BigInsights for Apache Hadoop clusters are secured using Apache Knox. Apache Knox is a REST API Gateway for interacting with Apache Hadoop clusters.
This example uses cURL to interact with the REST API. This is useful for developers to understand the REST API so they can emulate the REST calls using their programming language features.
See also:
- Oozie Map/Reduce Groovy Example
- Oozie Map/Reduce Cookbook
- BigInsights Apache Knox documentation
- BigInsights Oozie documentation
Developers will gain the most from these examples if they are:
- Comfortable using Windows, OS X or *nix command prompts
- Familiar with compiling and running java applications
- Able to read code written in a high level language such as Groovy
- Familiar with the Gradle build tool
- Familiar with Map/Reduce concepts
- Familiar with Oozie concepts
- Familiar with the WebHdfsGroovy Example
- You meet the pre-requisites in the top level README
- You have followed the setup instructions in the top level README
- You have bash, cURL, grep, perl, and tr unix tools installed.

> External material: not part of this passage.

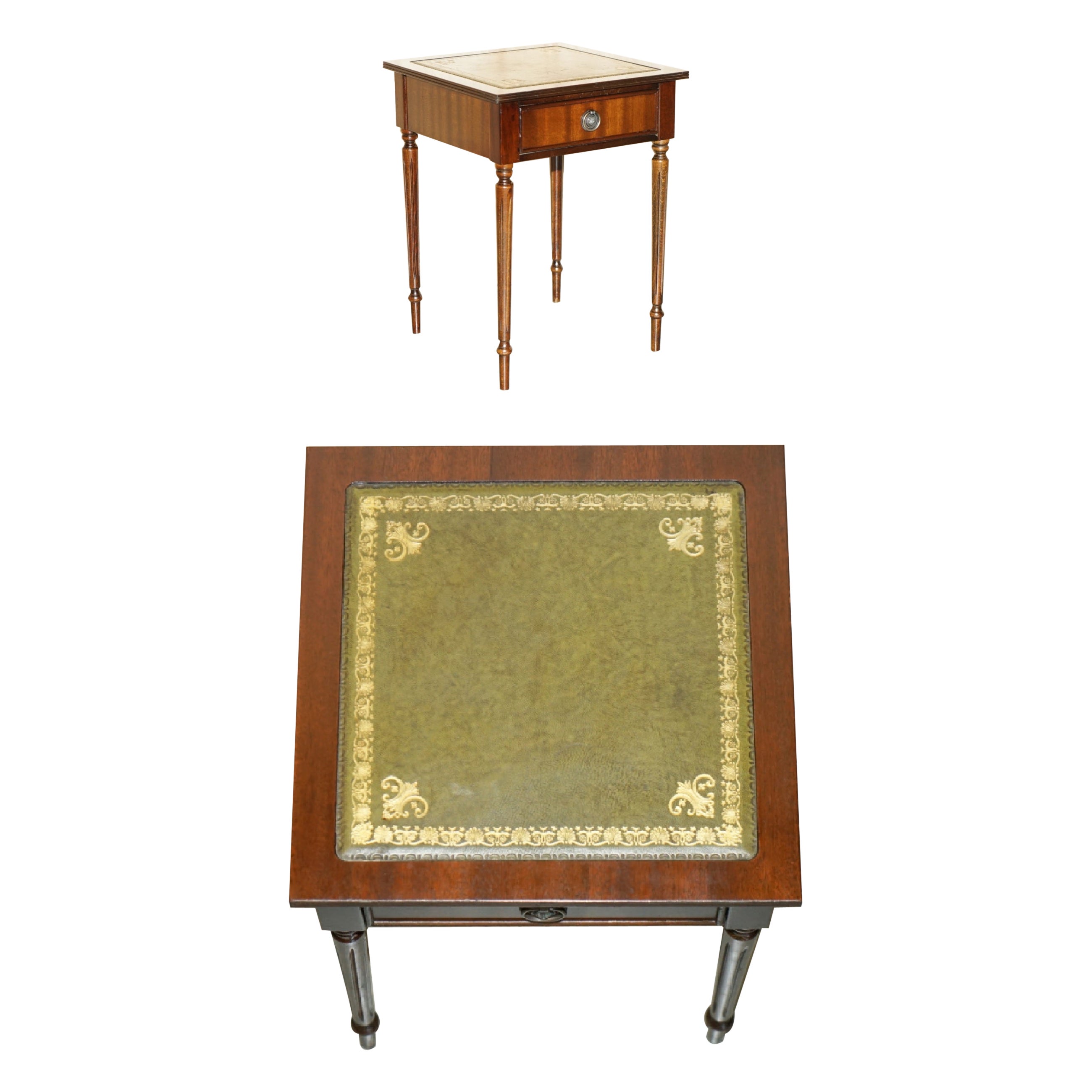 LOVELY VINTAGE CIRCA 1940's GREEN LEATHER GOLD LEAF SINGLE DRAWER SIDE TABLE For Sale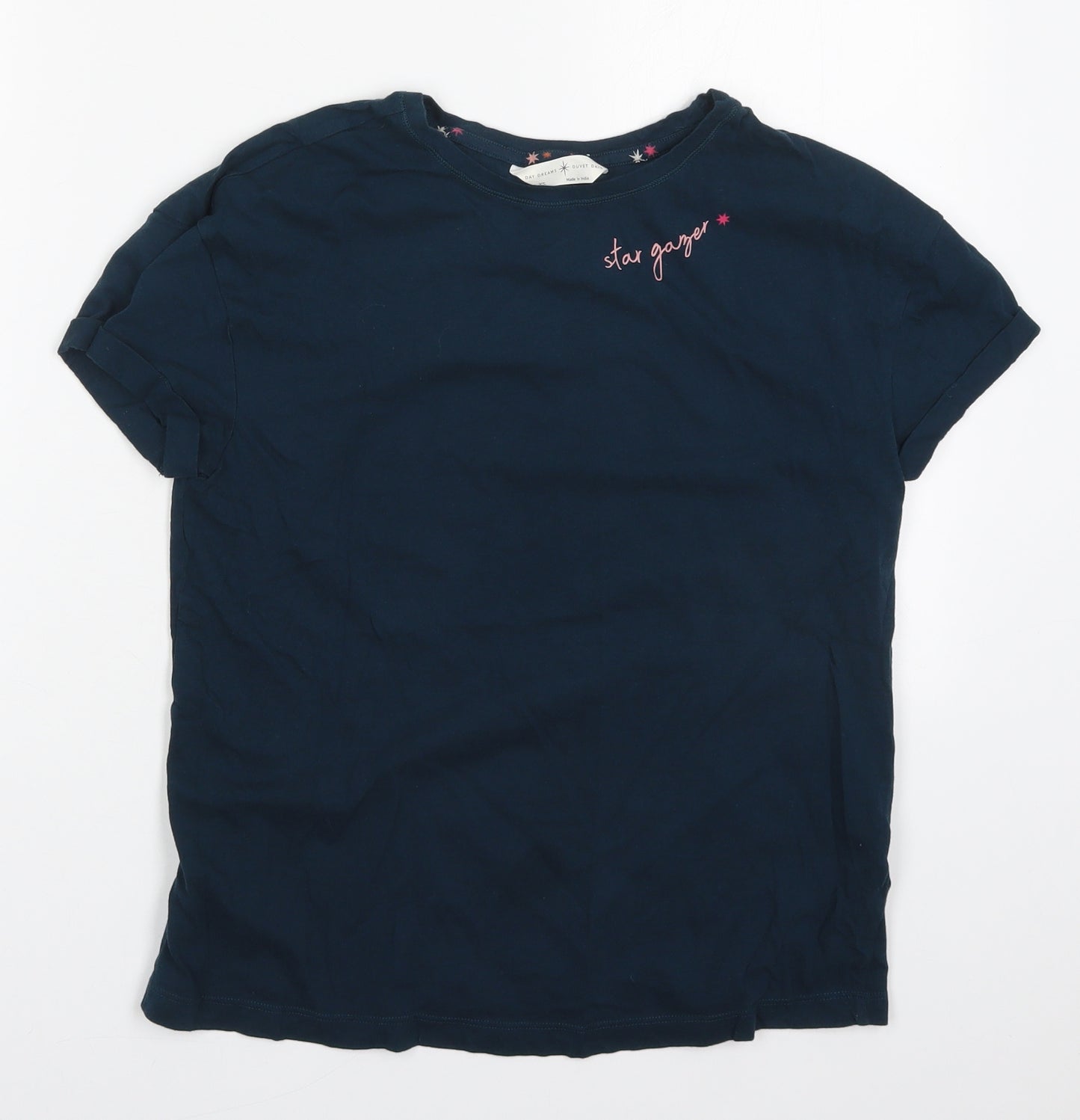 Marks and Spencer Womens Blue  Cotton Top Pyjama Top Size XS   - Star Gazer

This example consists of three parts:
- WordCount.java - Map/Reduce Java code
- MapReduce.sh - Bash script to submit the Map/Reduce job to Oozie
- build.gradle - Gradle script to compile and package the Map/Reduce code and execute the Example.groovy script
To run the example, open a command prompt window:
- change into the directory containing this example and run gradle to execute the example
./gradlew Example
(OS X / *nix)gradlew.bat Example
(Windows)
- some output from running the command on my machine is shown below
biginsight-bluemix-docs $ cd examples/OozieWorkflowMapReduceCurl
biginsight-bluemix-docs/examples/OozieWorkflowMapReduceCurl $ ./gradlew Example
:compileJava UP-TO-DATE
:processResources UP-TO-DATE
:classes UP-TO-DATE
:jar UP-TO-DATE
:Example
Successfully created directory /user/snowch/test-1469804930
Successfully created directory /user/snowch/test-1469804930/input
Successfully uploaded workflow-definition.xml
Successfully uploaded samples/hadoop-examples.jar
Successfully uploaded LICENSE
Submitted oozie job. jobid: 0000017-160728151859109-oozie-oozi-W
status: RUNNING
status: RUNNING
status: RUNNING
status: OK
"AS 2
"Contribution" 1
"Contributor" 1
"Derivative 1
"Legal 1
"License" 1
"License"); 1
"Licensor" 1
"NOTICE" 1
"Not 1
"Object" 1
...
your 4
{name 1
{yyyy} 1
HTTP/1.1 200 OK
>> MapReduce test was successful.
BUILD SUCCESSFUL
Total time: 47.996 secs
The output above shows:
- the steps performed by gradle (command names are prefixed by ':' such as :compileJava)
- the steps performed by the MapReduce.sh script
- the Map/Reduce output which is the count of the number of times each word is seen in an Apache 2.0 License file
The examples uses a gradle build file build.gradle when you run ./gradlew
or gradle.bat
. The build.gradle does the following:
- compile the Map/Reduce code. The
apply plugin: 'java'
statement controls this more info. - create a Jar file with the compiled Map/Reduce code. The
jar { ... }
statement controls this more info. - execute the MapReduce.sh script. The
task('Example' ...)
statement controls this more info
The MapReduce.sh script performs the following:
- Create an Oozie workflow XML document
- Create an Oozie configuration XML document
- Create a HTTP session on the BigInsights Knox REST API
- Upload the workflow XML file over WebHDFS
- Upload an Apache 2.0 LICENSE file over WebHDFS
- Upload the jar file (containing the Map/Reduce code) over WebHDFS
- Submit the Oozie workflow job using Knox REST API for Oozie
- Every second, check the status of the Oozie workflow job using Knox REST API for Oozie
- When the Oozie workflow job successfully finishes, download the wordcount output from the Map/Reduce job
All code is well commented and it is suggested that you browse the source code to understand in more detail how they work.